Aim of the exercise → Word for word, print the entries that follow.

[Supplied data — start]

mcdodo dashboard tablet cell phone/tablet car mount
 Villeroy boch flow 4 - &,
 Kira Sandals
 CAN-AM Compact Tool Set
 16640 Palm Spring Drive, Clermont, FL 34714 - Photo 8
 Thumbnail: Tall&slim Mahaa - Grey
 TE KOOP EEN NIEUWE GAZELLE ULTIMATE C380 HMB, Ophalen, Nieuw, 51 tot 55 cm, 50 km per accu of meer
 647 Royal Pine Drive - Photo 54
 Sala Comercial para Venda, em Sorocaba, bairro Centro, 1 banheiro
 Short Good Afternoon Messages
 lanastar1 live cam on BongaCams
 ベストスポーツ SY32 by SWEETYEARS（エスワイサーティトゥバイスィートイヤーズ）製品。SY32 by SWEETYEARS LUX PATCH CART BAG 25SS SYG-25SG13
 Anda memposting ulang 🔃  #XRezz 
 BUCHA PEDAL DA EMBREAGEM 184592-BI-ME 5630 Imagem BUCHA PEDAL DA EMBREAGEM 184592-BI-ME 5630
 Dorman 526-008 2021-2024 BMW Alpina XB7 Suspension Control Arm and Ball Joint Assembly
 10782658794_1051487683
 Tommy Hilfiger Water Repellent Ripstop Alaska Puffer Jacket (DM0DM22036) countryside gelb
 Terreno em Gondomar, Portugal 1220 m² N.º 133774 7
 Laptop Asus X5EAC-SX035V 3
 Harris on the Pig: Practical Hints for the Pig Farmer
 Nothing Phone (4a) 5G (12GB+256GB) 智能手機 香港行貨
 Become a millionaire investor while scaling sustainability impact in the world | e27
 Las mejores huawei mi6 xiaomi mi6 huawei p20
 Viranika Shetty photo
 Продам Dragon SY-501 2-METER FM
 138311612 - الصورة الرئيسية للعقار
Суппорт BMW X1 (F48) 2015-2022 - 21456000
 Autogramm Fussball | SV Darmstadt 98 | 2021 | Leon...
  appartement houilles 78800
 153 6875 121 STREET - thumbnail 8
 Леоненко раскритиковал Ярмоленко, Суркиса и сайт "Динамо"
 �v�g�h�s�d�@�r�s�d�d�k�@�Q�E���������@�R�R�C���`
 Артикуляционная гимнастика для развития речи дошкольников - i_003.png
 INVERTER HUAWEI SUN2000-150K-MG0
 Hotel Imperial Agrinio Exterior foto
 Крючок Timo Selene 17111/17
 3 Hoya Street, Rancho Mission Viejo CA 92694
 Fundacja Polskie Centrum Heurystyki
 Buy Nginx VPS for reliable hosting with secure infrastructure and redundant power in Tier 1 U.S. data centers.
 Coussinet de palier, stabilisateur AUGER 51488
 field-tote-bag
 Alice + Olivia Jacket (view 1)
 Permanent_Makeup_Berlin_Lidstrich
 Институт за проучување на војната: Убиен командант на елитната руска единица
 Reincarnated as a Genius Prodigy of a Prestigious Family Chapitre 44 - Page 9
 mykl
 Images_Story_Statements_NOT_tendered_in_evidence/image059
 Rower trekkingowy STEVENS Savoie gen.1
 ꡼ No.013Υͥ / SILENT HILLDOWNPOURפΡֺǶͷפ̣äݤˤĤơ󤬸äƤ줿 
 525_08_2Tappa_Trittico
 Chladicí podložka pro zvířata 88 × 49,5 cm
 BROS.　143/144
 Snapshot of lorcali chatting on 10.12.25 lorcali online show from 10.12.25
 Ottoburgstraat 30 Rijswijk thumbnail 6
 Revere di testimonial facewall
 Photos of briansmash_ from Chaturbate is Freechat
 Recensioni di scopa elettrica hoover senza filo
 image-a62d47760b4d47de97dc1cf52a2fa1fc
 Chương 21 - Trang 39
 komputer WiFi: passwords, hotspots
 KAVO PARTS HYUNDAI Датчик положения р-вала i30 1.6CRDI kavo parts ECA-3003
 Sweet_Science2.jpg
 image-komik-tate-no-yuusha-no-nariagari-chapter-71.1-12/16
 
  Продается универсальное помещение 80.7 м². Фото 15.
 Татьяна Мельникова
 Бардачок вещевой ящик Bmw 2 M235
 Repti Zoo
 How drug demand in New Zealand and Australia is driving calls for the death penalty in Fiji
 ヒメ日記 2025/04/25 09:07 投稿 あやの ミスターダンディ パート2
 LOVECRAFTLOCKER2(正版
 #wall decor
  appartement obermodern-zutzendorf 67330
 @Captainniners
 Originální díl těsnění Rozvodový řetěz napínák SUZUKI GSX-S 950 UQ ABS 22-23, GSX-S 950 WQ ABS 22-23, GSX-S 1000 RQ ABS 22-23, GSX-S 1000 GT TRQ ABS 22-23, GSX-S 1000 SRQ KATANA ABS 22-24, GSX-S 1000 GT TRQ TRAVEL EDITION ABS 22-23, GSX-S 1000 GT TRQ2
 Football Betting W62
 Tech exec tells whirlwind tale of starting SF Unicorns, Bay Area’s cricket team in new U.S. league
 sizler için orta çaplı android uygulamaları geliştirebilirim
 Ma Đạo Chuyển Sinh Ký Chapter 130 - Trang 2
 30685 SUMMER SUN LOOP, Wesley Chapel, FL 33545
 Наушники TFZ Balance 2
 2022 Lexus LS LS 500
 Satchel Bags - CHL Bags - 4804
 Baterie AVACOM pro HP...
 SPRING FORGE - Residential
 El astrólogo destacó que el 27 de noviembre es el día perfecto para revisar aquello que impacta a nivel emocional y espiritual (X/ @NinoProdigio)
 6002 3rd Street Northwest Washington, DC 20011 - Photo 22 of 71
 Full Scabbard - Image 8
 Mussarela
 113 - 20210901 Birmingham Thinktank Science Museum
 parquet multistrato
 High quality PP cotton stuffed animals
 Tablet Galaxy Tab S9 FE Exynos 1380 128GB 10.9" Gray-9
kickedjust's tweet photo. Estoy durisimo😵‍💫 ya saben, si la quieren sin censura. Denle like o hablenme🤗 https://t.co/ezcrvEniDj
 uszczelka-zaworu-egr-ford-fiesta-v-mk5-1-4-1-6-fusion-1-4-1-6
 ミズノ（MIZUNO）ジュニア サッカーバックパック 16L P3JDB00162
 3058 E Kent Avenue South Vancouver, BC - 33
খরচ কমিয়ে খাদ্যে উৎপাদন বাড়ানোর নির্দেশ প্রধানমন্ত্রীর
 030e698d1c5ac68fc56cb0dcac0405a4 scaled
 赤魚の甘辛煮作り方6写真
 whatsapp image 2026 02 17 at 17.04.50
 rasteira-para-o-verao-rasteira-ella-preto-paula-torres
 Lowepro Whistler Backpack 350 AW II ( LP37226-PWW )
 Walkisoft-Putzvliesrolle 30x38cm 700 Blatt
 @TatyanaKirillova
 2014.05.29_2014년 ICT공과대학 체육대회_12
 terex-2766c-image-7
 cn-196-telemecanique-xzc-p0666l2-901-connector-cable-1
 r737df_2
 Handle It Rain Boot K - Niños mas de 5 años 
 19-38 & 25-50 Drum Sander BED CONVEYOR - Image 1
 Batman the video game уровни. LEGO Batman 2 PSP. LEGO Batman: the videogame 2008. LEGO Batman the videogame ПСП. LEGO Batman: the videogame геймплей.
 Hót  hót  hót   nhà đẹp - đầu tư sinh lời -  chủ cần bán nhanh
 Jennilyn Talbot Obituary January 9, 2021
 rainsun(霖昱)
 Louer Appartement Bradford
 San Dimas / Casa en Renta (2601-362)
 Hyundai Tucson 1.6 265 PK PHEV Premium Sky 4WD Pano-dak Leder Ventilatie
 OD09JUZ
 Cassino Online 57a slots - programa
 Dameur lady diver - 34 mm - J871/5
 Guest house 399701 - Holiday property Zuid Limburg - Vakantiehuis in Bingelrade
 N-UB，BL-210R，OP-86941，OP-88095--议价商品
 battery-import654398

[Supplied data — finish]

Task output →
mcdodo dashboard tablet cell phone/tablet car mount
 Villeroy boch flow 4 - &,
 Kira Sandals
 CAN-AM Compact Tool Set
 16640 Palm Spring Drive, Clermont, FL 34714 - Photo 8
 Thumbnail: Tall&slim Mahaa - Grey
 TE KOOP EEN NIEUWE GAZELLE ULTIMATE C380 HMB, Ophalen, Nieuw, 51 tot 55 cm, 50 km per accu of meer
 647 Royal Pine Drive - Photo 54
 Sala Comercial para Venda, em Sorocaba, bairro Centro, 1 banheiro
 Short Good Afternoon Messages
 lanastar1 live cam on BongaCams
 ベストスポーツ SY32 by SWEETYEARS（エスワイサーティトゥバイスィートイヤーズ）製品。SY32 by SWEETYEARS LUX PATCH CART BAG 25SS SYG-25SG13
 Anda memposting ulang 🔃  #XRezz 
 BUCHA PEDAL DA EMBREAGEM 184592-BI-ME 5630 Imagem BUCHA PEDAL DA EMBREAGEM 184592-BI-ME 5630
 Dorman 526-008 2021-2024 BMW Alpina XB7 Suspension Control Arm and Ball Joint Assembly
 10782658794_1051487683
 Tommy Hilfiger Water Repellent Ripstop Alaska Puffer Jacket (DM0DM22036) countryside gelb
 Terreno em Gondomar, Portugal 1220 m² N.º 133774 7
 Laptop Asus X5EAC-SX035V 3
 Harris on the Pig: Practical Hints for the Pig Farmer
 Nothing Phone (4a) 5G (12GB+256GB) 智能手機 香港行貨
 Become a millionaire investor while scaling sustainability impact in the world | e27
 Las mejores huawei mi6 xiaomi mi6 huawei p20
 Viranika Shetty photo
 Продам Dragon SY-501 2-METER FM
 138311612 - الصورة الرئيسية للعقار
Суппорт BMW X1 (F48) 2015-2022 - 21456000
 Autogramm Fussball | SV Darmstadt 98 | 2021 | Leon...
  appartement houilles 78800
 153 6875 121 STREET - thumbnail 8
 Леоненко раскритиковал Ярмоленко, Суркиса и сайт "Динамо"
 �v�g�h�s�d�@�r�s�d�d�k�@�Q�E���������@�R�R�C���`
 Артикуляционная гимнастика для развития речи дошкольников - i_003.png
 INVERTER HUAWEI SUN2000-150K-MG0
 Hotel Imperial Agrinio Exterior foto
 Крючок Timo Selene 17111/17
 3 Hoya Street, Rancho Mission Viejo CA 92694
 Fundacja Polskie Centrum Heurystyki
 Buy Nginx VPS for reliable hosting with secure infrastructure and redundant power in Tier 1 U.S. data centers.
 Coussinet de palier, stabilisateur AUGER 51488
 field-tote-bag
 Alice + Olivia Jacket (view 1)
 Permanent_Makeup_Berlin_Lidstrich
 Институт за проучување на војната: Убиен командант на елитната руска единица
 Reincarnated as a Genius Prodigy of a Prestigious Family Chapitre 44 - Page 9
 mykl
 Images_Story_Statements_NOT_tendered_in_evidence/image059
 Rower trekkingowy STEVENS Savoie gen.1
 ꡼ No.013Υͥ / SILENT HILLDOWNPOURפΡֺǶͷפ̣äݤˤĤơ󤬸äƤ줿 
 525_08_2Tappa_Trittico
 Chladicí podložka pro zvířata 88 × 49,5 cm
 BROS.　143/144
 Snapshot of lorcali chatting on 10.12.25 lorcali online show from 10.12.25
 Ottoburgstraat 30 Rijswijk thumbnail 6
 Revere di testimonial facewall
 Photos of briansmash_ from Chaturbate is Freechat
 Recensioni di scopa elettrica hoover senza filo
 image-a62d47760b4d47de97dc1cf52a2fa1fc
 Chương 21 - Trang 39
 komputer WiFi: passwords, hotspots
 KAVO PARTS HYUNDAI Датчик положения р-вала i30 1.6CRDI kavo parts ECA-3003
 Sweet_Science2.jpg
 image-komik-tate-no-yuusha-no-nariagari-chapter-71.1-12/16
 
  Продается универсальное помещение 80.7 м². Фото 15.
 Татьяна Мельникова
 Бардачок вещевой ящик Bmw 2 M235
 Repti Zoo
 How drug demand in New Zealand and Australia is driving calls for the death penalty in Fiji
 ヒメ日記 2025/04/25 09:07 投稿 あやの ミスターダンディ パート2
 LOVECRAFTLOCKER2(正版
 #wall decor
  appartement obermodern-zutzendorf 67330
 @Captainniners
 Originální díl těsnění Rozvodový řetěz napínák SUZUKI GSX-S 950 UQ ABS 22-23, GSX-S 950 WQ ABS 22-23, GSX-S 1000 RQ ABS 22-23, GSX-S 1000 GT TRQ ABS 22-23, GSX-S 1000 SRQ KATANA ABS 22-24, GSX-S 1000 GT TRQ TRAVEL EDITION ABS 22-23, GSX-S 1000 GT TRQ2
 Football Betting W62
 Tech exec tells whirlwind tale of starting SF Unicorns, Bay Area’s cricket team in new U.S. league
 sizler için orta çaplı android uygulamaları geliştirebilirim
 Ma Đạo Chuyển Sinh Ký Chapter 130 - Trang 2
 30685 SUMMER SUN LOOP, Wesley Chapel, FL 33545
 Наушники TFZ Balance 2
 2022 Lexus LS LS 500
 Satchel Bags - CHL Bags - 4804
 Baterie AVACOM pro HP...
 SPRING FORGE - Residential
 El astrólogo destacó que el 27 de noviembre es el día perfecto para revisar aquello que impacta a nivel emocional y espiritual (X/ @NinoProdigio)
 6002 3rd Street Northwest Washington, DC 20011 - Photo 22 of 71
 Full Scabbard - Image 8
 Mussarela
 113 - 20210901 Birmingham Thinktank Science Museum
 parquet multistrato
 High quality PP cotton stuffed animals
 Tablet Galaxy Tab S9 FE Exynos 1380 128GB 10.9" Gray-9
kickedjust's tweet photo. Estoy durisimo😵‍💫 ya saben, si la quieren sin censura. Denle like o hablenme🤗 https://t.co/ezcrvEniDj
 uszczelka-zaworu-egr-ford-fiesta-v-mk5-1-4-1-6-fusion-1-4-1-6
 ミズノ（MIZUNO）ジュニア サッカーバックパック 16L P3JDB00162
 3058 E Kent Avenue South Vancouver, BC - 33
খরচ কমিয়ে খাদ্যে উৎপাদন বাড়ানোর নির্দেশ প্রধানমন্ত্রীর
 030e698d1c5ac68fc56cb0dcac0405a4 scaled
 赤魚の甘辛煮作り方6写真
 whatsapp image 2026 02 17 at 17.04.50
 rasteira-para-o-verao-rasteira-ella-preto-paula-torres
 Lowepro Whistler Backpack 350 AW II ( LP37226-PWW )
 Walkisoft-Putzvliesrolle 30x38cm 700 Blatt
 @TatyanaKirillova
 2014.05.29_2014년 ICT공과대학 체육대회_12
 terex-2766c-image-7
 cn-196-telemecanique-xzc-p0666l2-901-connector-cable-1
 r737df_2
 Handle It Rain Boot K - Niños mas de 5 años 
 19-38 & 25-50 Drum Sander BED CONVEYOR - Image 1
 Batman the video game уровни. LEGO Batman 2 PSP. LEGO Batman: the videogame 2008. LEGO Batman the videogame ПСП. LEGO Batman: the videogame геймплей.
 Hót  hót  hót   nhà đẹp - đầu tư sinh lời -  chủ cần bán nhanh
 Jennilyn Talbot Obituary January 9, 2021
 rainsun(霖昱)
 Louer Appartement Bradford
 San Dimas / Casa en Renta (2601-362)
 Hyundai Tucson 1.6 265 PK PHEV Premium Sky 4WD Pano-dak Leder Ventilatie
 OD09JUZ
 Cassino Online 57a slots - programa
 Dameur lady diver - 34 mm - J871/5
 Guest house 399701 - Holiday property Zuid Limburg - Vakantiehuis in Bingelrade
 N-UB，BL-210R，OP-86941，OP-88095--议价商品
 battery-import654398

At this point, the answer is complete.